Video: The Modern Smart Home is Inconvenient and It’s Spying on You

A few months back Gizmodo reporter Kashmir Hill installed a home automation system in her apartment. With the aid of a specially build router based on a Raspberry Pi, she carefully monitored it’s outbound traffic over several weeks because, in her words, she wanted to know “whether it would betray me”.

Unsurprisingly she found multiple devices constantly phoning home although with most of the data she admitted “I don’t know ultimately where it was shared”.

While many businesses in the UK are less than enthusicastic about the work involved in implementing the new EU GDPR legislation, many Americans are eying our new privacy laws with an amount of cautious envy.

On top of the security and privacy concerns Hill also felt that contemporary smart home systems were also less than convenient…

“Things didn’t work, the smart coffee was horrible, Alexa didn’t understand us and my take-away was that the privacy trade-off was not worth it.”

She was quick to discover the pitfalls of the modern budget smart home setup…

I had to download 14 different apps to my phone to control everything, which meant creating an account for each one of those apps. (Yes, my coffeemaker has a log-in and a very long terms of service agreement.)

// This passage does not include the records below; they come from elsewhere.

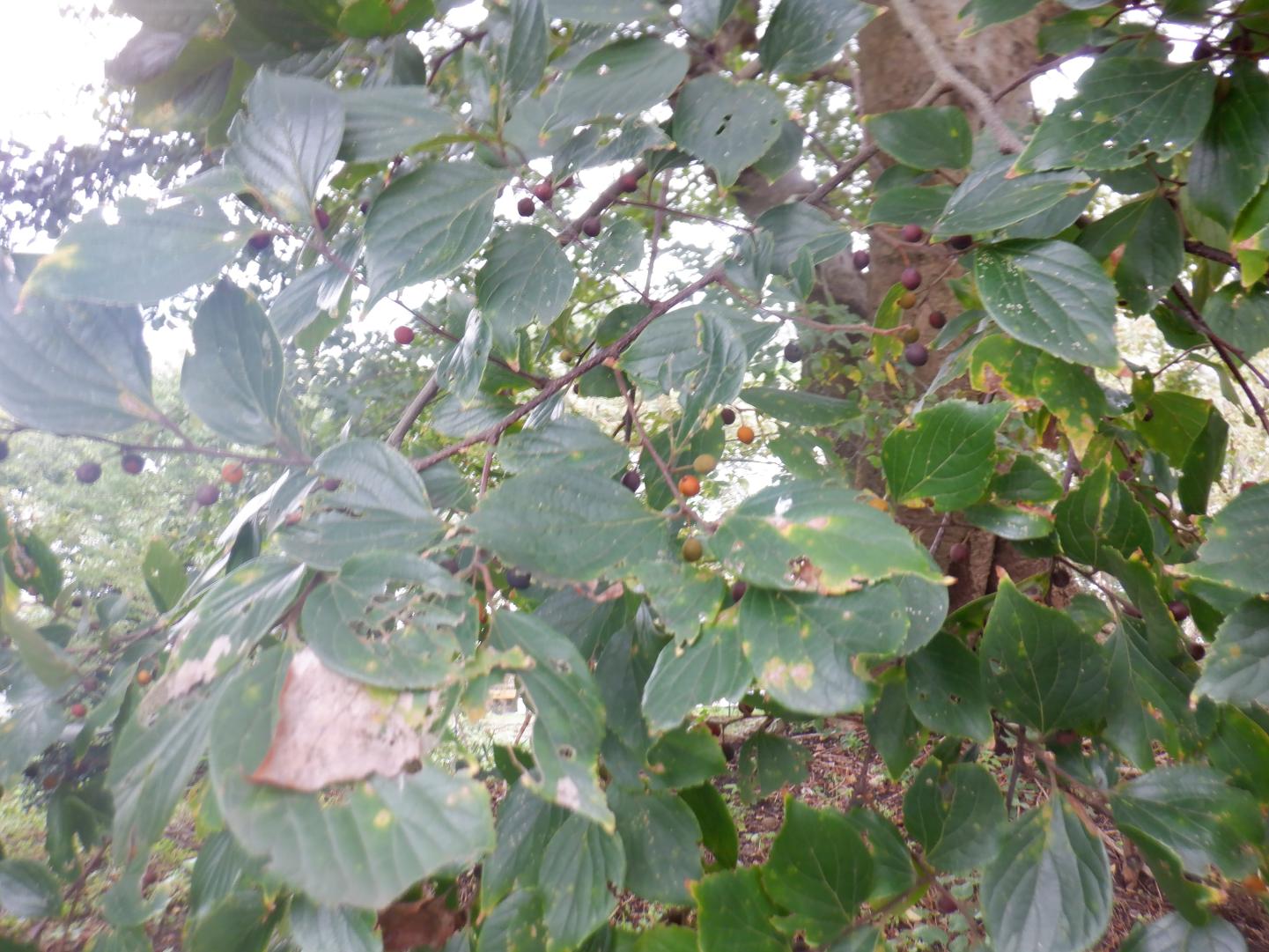 DSCF1070 DSCF1070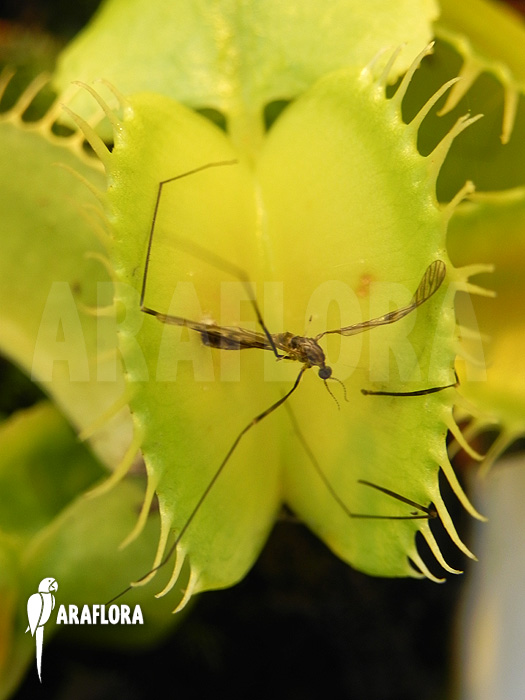 Dionaea muscipula &lsquo;All green&rsquo;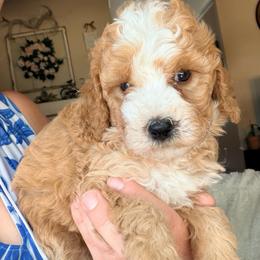 Aspen - Yellow and white female Bernedoodle puppy in Grandview, Texas from Big Sky Bernedoodles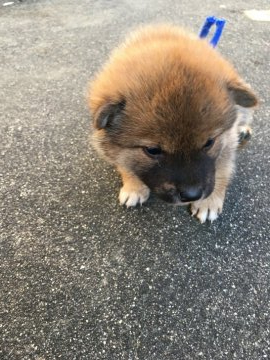 柴犬(標準サイズ)【三重県・男の子・2019年11月13日・茶柴】の写真「茶柴オス、とても人懐こっくて元気です！」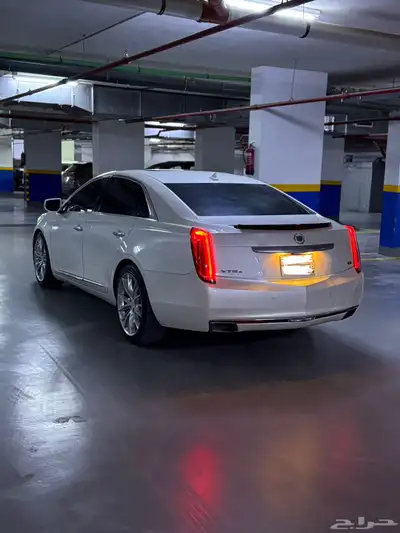 كدلك XTS بلاتينيوم 2013 index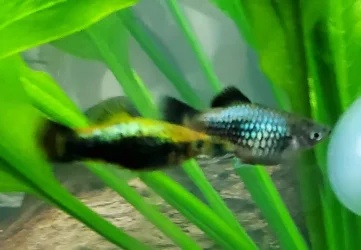 20220721_161910.webp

…and ultimately figured out the number one problem with this whole thing is…

The fantasy of the smart home is that it will save us time and effort, but the friction involved in getting various devices from different companies to work together meant that many things took longer to do.

If you consider yourself a techie it’s unlikely any of this will surprise you. So do you care if your TV is phoning home or that Philips know what time you brush your teeth? Is this scaremongering for the uninformed, or genuine cause for concern? Let us know what you think in the comments below.

gizmodo.com  :  bbc.co.uk

1 Comment on "Video: The Modern Smart Home is Inconvenient and It’s Spying on You"

  1. There are two separate issues here, the privacy aspect and the friction of having to set up multiple accounts.

    These are, as I see it, the two main problems that face the world of Home Automation in 2018.

    We HA enthusiasts and techies aren’t bothered by the second problem. Many of us use a single system to tie everything together, and we are no strangers to setting up online accounts. We see it as the price you pay for getting a service from a provider, although we understand it can be annoying.

    But as for the privacy? Wow. We are sleepwalking into a storm.

    A international profiling, cyber-criminal, data-sold-to-smalltime-burglars storm. I won’t even mention the news today about Russia…

    I use Alexa and Google Home currently, and the most important things they do for me are setting room scenes (through my home automation system) and playing random songs when friends come over.

    For a while before Alexa and Google Home came onto the scene, I experimented with a home-network voice recognition system, just for setting lighting scenes and playing music presets etc. Based on Windows 7 voice recognition, and powered by 4 microphones installed around the room, it was hit-and-miss. Alexa changed all that. Previously I was getting 30% accuracy, and now it’s 85% with Alexa. I focus on the 15% failure, but that cements my point; the Echo was an excellent invention and still provides fabulous value for money in HA.

    But at what cost to our privacy?

    I think the world of Home Automation is crying out for systems that work within your own home network by default, and can be linked to web services if you choose.

    The only way for me will be DIY – I’m sorry this won’t have any mass appeal whatsoever, but it will give me a sense of gladness that I can still do clever things in my home and not potentially send my recorded conversations – which is utterly Orwellian when you think about it – to the Russian government.